[[ Given information, beginning ]]

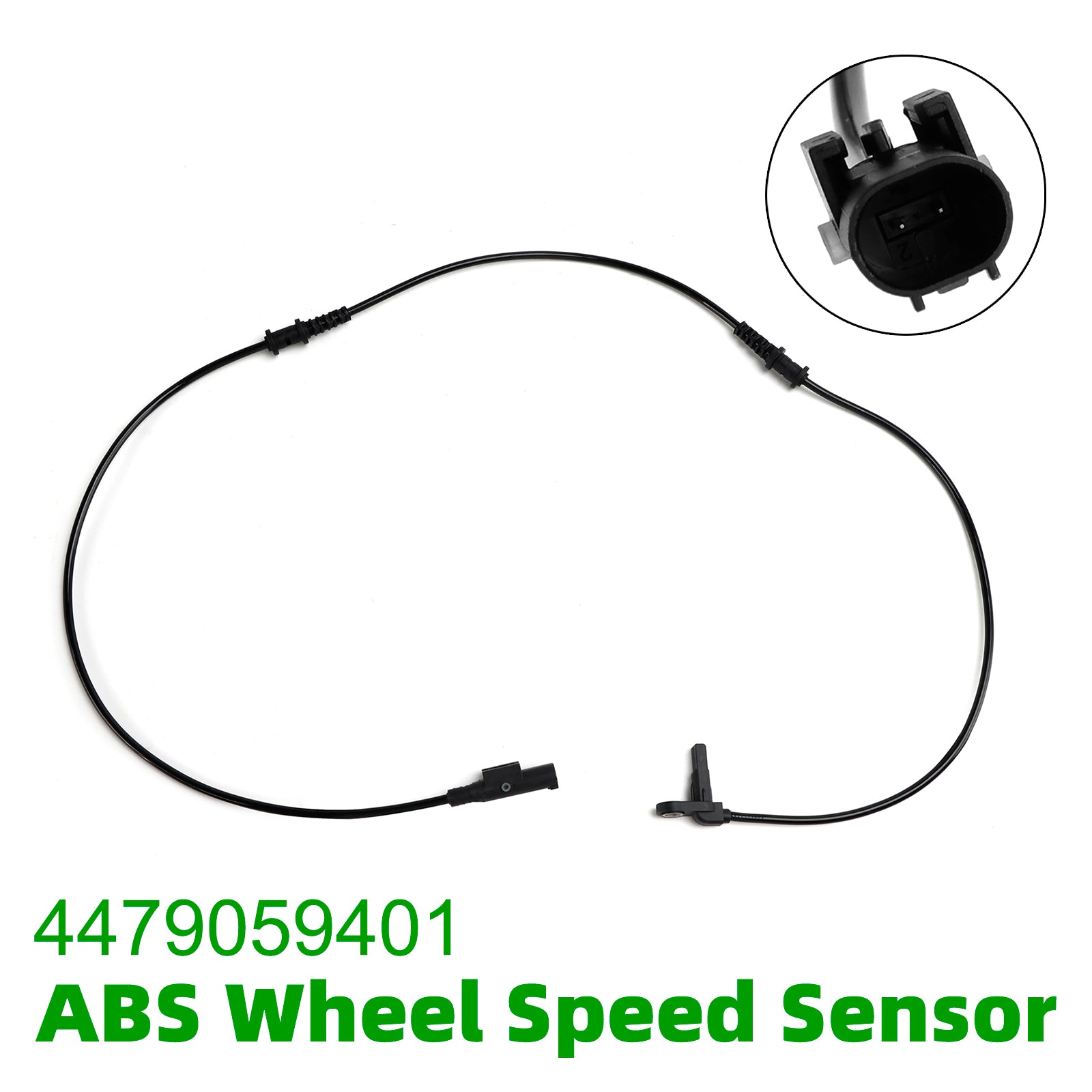 ABS Wheel Speed Sensor Front for Mercedes-Benz Vito W447 2014-2018 4479059401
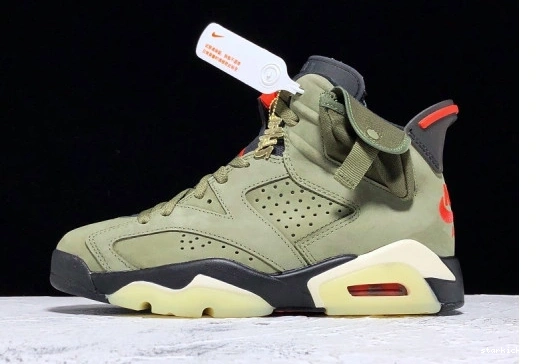 Air Retro Scott Jordan 6 Travis CN1084-200 CN1084-200 0710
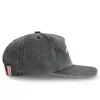 Moda Puro Algodón Lavado Vintage Desgastado Gorras Hechas a Medida Fábrica Bajo Precio Alta Calidad Bordado 3D Gorras de Béisbol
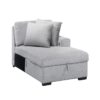 9630GY*22LRC Sectional with Right Chaise,...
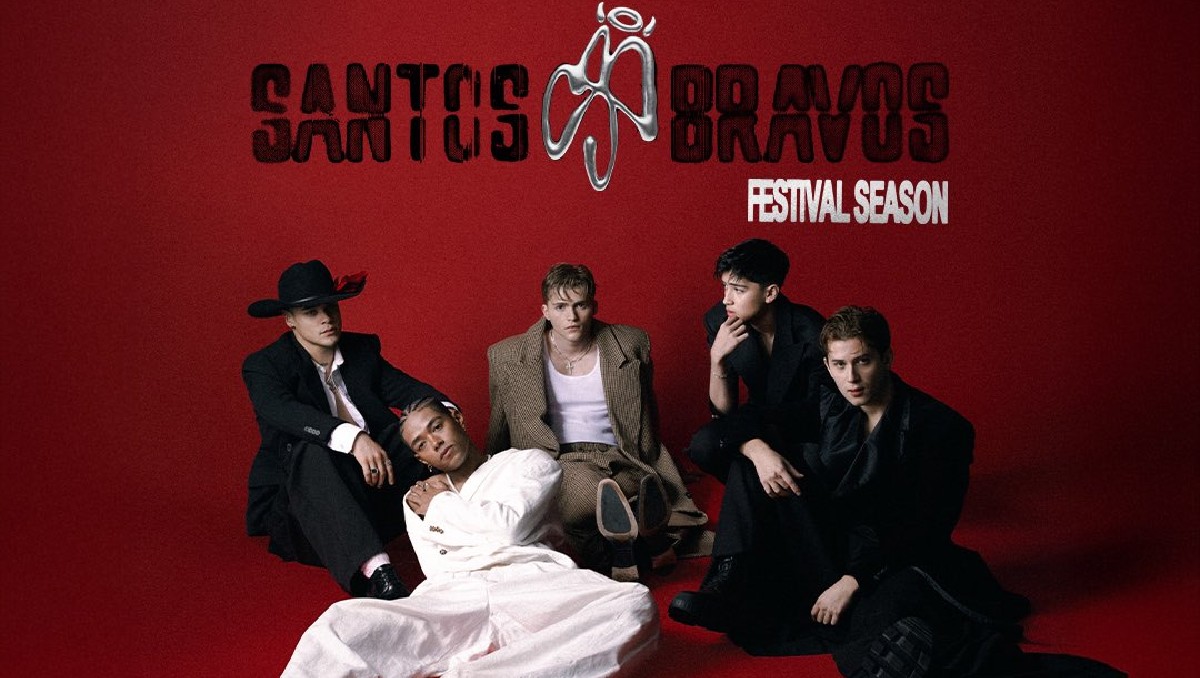 Santos Bravos estarán en Festival Pal Norte | Especial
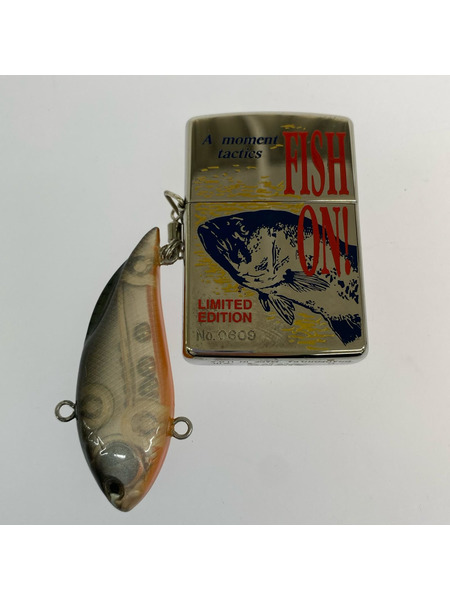ZIPPO FISH ON! ルアー付キ 1997製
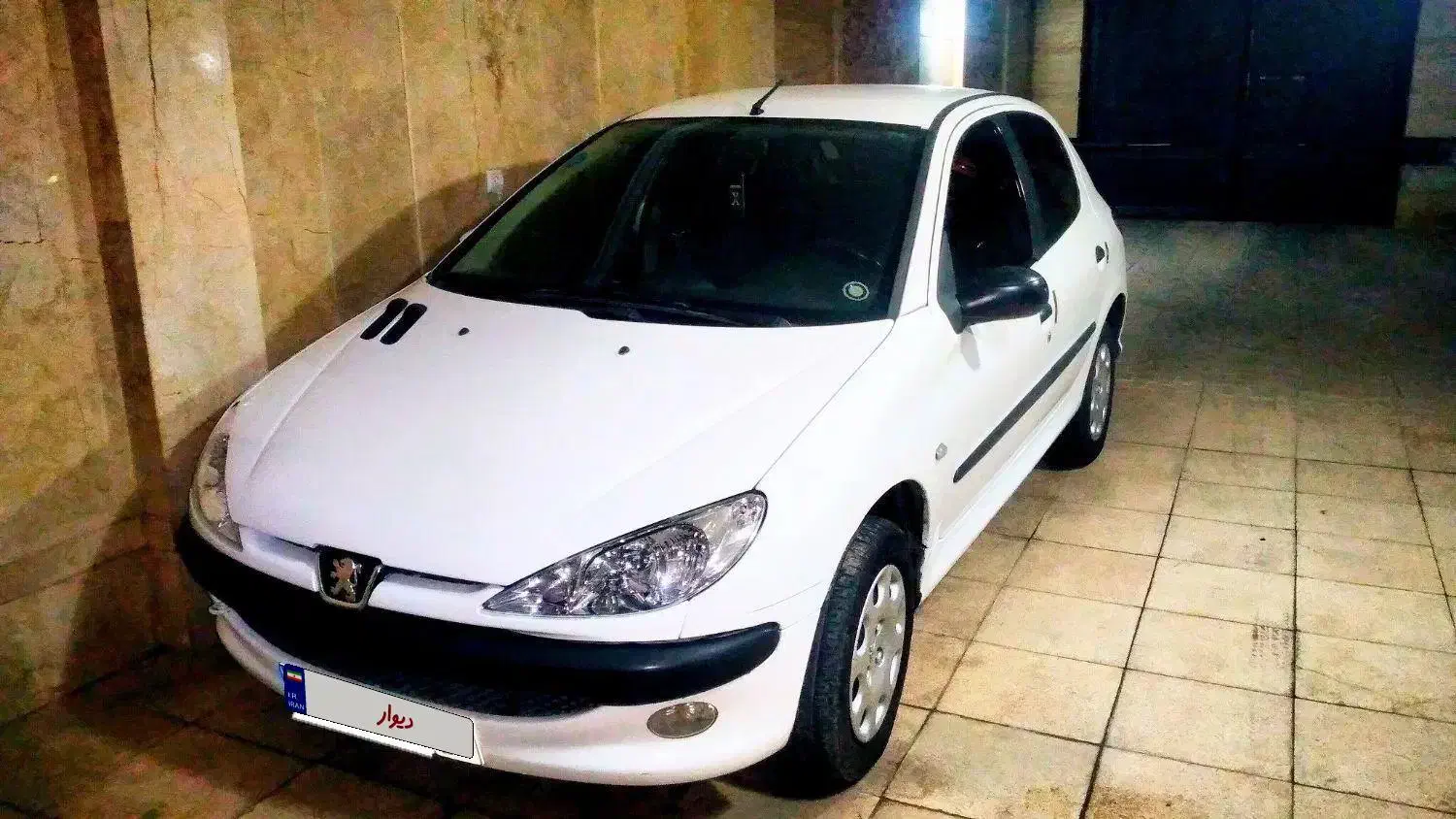 پژو ۲۰۶ تیپ ۲ مدل ۸۹|خودرو سواری و وانت|دماوند, گیلاوند|دیوار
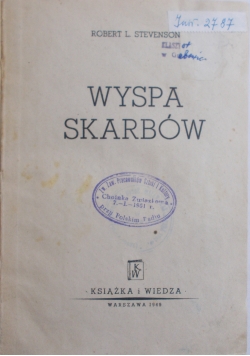 Wyspa skarbów ,1949 r.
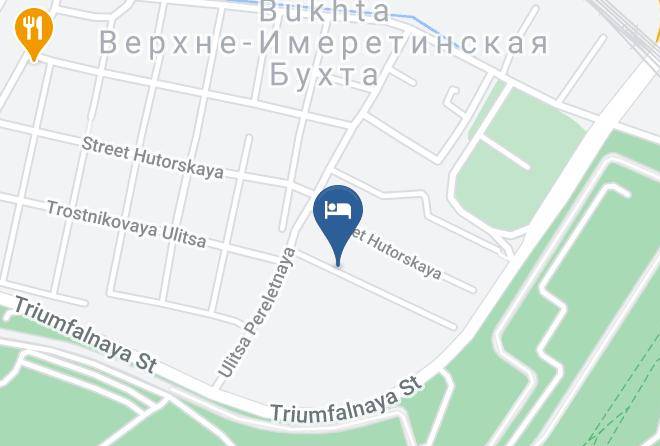 Sochi - Mantarini Hotel Maps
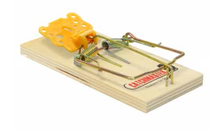 Load image into Gallery viewer, CatchMaster Mouse Traps Wood 2pk - 602RE-18
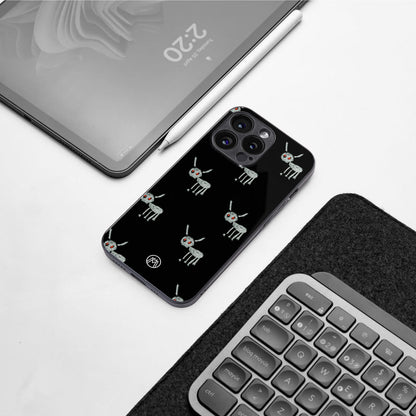 for all the dogs back phone cover | glass case for iphone 16 pro max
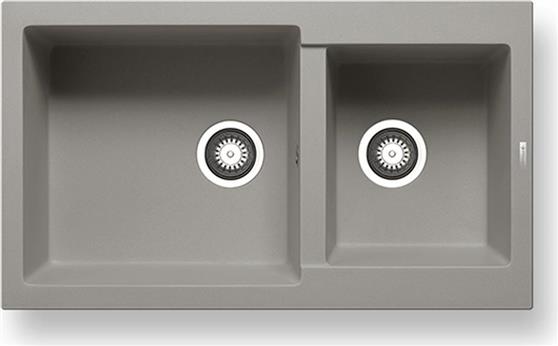 Pyramis Alazia 86x50 1 3/4B Industrial Grey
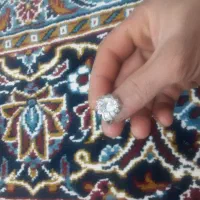 انگشتر نقره زنانه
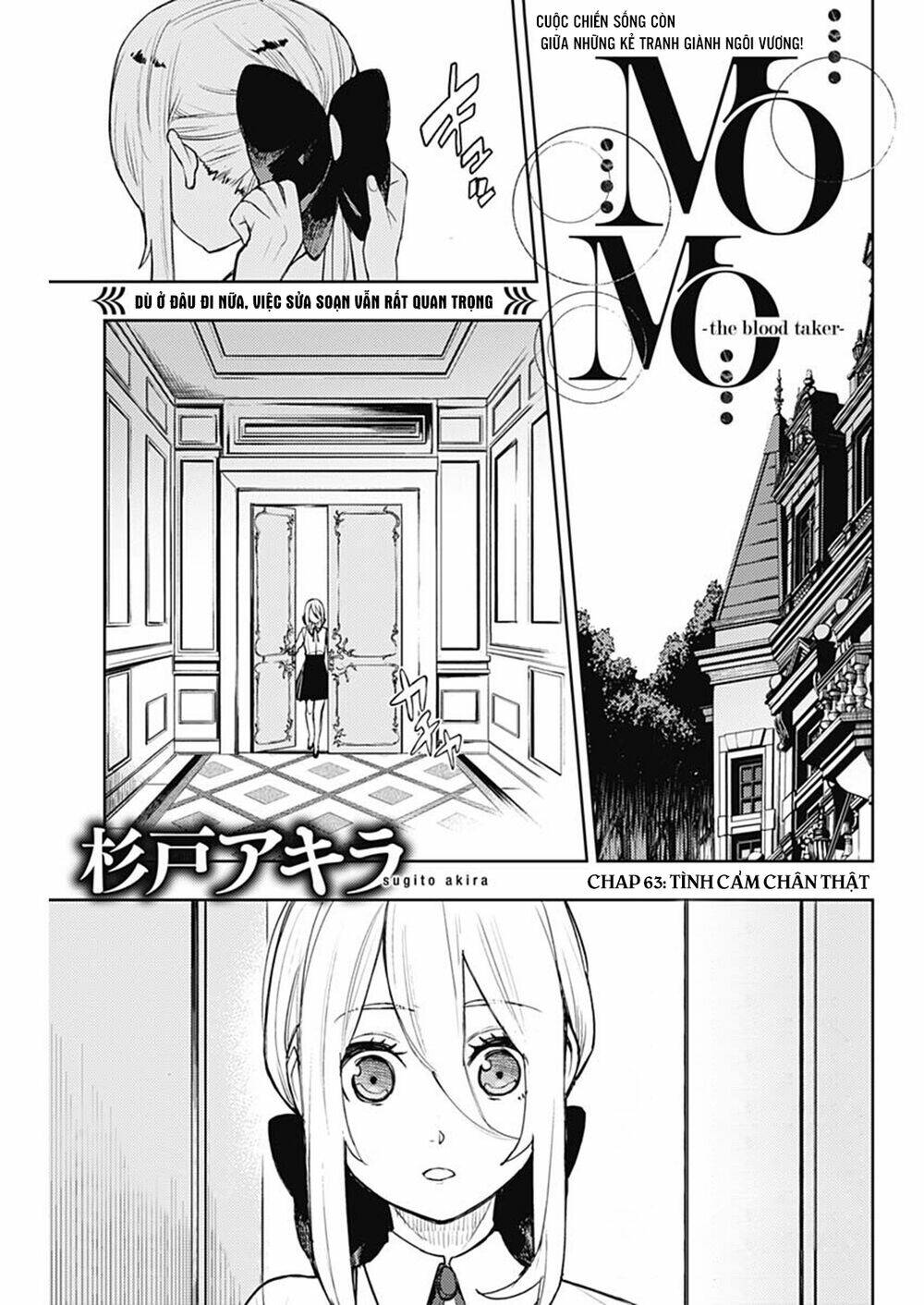 Momo: The Blood Taker Chapter 63 - Trang 2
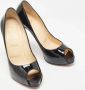 Christian Louboutin Pre-owned Leather heels Black Dames - Thumbnail 4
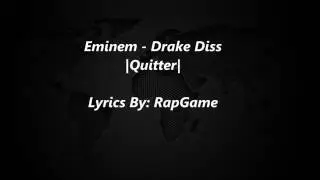 Eminem - Diss Drake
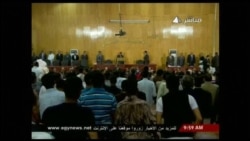 Mubarak Sentenced, Scuffles Break Out In Courtroom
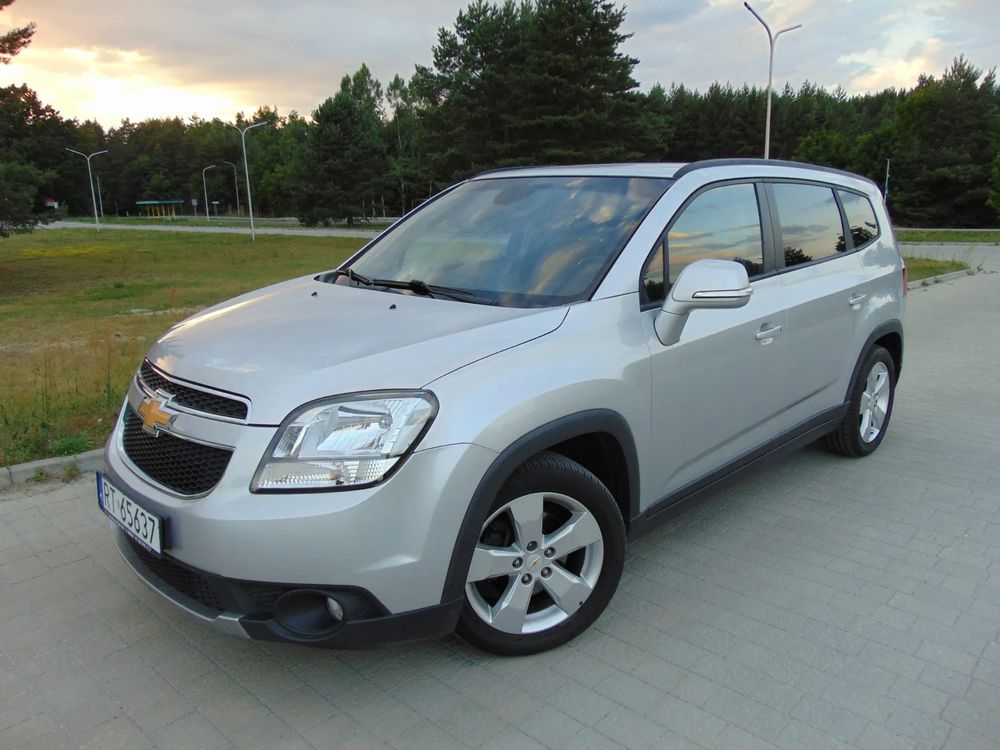 Chevrolet Orlando 1.4T LTZ 2013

[[ Given information, end ]]

* **What you are asked to do**
Return exactly the lines above, from the one with "Moda Puro Algodón" up to and including the one with "Mubarak Sentenced, Scuffles", and include no pictures.

* **Completed exercise**
 Moda Puro Algodón Lavado Vintage Desgastado Gorras Hechas a Medida Fábrica Bajo Precio Alta Calidad Bordado 3D Gorras de Béisbol
 9630GY*22LRC Sectional with Right Chaise,...
 Santos Bravos estarán en Festival Pal Norte | Especial
ZIPPO FISH ON! ルアー付キ 1997製
 پژو ۲۰۶ تیپ ۲ مدل ۸۹|خودرو سواری و وانت|دماوند, گیلاوند|دیوار
 Wyspa skarbów ,1949 r.
 Sochi - Mantarini Hotel Maps
 Load image into Gallery viewer, CatchMaster Mouse Traps Wood 2pk - 602RE-18
 for all the dogs back phone cover | glass case for iphone 16 pro max
 Pyramis Alazia 86x50 1 3/4B Industrial Grey
 انگشتر نقره زنانه
 Momo: The Blood Taker Chapter 63 - Trang 2
 Christian Louboutin Pre-owned Leather heels Black Dames - Thumbnail 4
 Eminem - Diss Drake
 Mubarak Sentenced, Scuffles Break Out In Courtroom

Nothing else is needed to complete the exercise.